** Opening Materials provided block **

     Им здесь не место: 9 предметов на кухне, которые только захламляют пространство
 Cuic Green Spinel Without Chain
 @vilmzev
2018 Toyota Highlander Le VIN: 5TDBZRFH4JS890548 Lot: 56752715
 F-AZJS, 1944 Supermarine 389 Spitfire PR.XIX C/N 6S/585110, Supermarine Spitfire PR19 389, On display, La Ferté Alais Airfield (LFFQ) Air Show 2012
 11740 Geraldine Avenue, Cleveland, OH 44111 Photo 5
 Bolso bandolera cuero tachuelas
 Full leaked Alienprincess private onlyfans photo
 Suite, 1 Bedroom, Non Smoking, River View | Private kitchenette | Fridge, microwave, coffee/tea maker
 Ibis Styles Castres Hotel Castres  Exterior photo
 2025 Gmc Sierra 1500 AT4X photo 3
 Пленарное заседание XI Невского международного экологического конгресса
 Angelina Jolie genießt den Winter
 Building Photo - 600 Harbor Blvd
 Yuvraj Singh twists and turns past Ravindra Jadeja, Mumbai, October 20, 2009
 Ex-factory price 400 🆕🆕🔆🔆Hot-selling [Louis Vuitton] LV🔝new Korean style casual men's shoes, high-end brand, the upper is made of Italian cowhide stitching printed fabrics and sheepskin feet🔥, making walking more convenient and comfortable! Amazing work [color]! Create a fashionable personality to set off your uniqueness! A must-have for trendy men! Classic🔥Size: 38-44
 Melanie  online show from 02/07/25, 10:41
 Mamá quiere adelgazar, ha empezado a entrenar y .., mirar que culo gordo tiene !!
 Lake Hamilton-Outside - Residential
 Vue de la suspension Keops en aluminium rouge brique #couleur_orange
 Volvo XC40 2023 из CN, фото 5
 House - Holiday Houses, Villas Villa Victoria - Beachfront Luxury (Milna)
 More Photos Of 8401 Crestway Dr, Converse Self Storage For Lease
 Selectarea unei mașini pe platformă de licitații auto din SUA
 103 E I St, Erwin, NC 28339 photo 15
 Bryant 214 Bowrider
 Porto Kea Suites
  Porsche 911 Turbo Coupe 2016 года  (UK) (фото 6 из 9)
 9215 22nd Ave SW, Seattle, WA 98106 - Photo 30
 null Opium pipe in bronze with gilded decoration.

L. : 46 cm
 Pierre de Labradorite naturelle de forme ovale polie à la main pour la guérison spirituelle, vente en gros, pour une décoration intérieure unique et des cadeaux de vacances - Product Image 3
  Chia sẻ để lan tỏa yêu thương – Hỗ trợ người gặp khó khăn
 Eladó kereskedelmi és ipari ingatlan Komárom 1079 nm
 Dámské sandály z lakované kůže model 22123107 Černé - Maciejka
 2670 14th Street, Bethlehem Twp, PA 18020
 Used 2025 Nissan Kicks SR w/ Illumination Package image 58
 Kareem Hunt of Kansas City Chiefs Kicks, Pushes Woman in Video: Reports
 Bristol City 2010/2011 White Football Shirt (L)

** Closing Materials provided block **

Each line of the data that holds "фото" should be copied.

* Answer to this exercise *
 Volvo XC40 2023 из CN, фото 5
  Porsche 911 Turbo Coupe 2016 года  (UK) (фото 6 из 9)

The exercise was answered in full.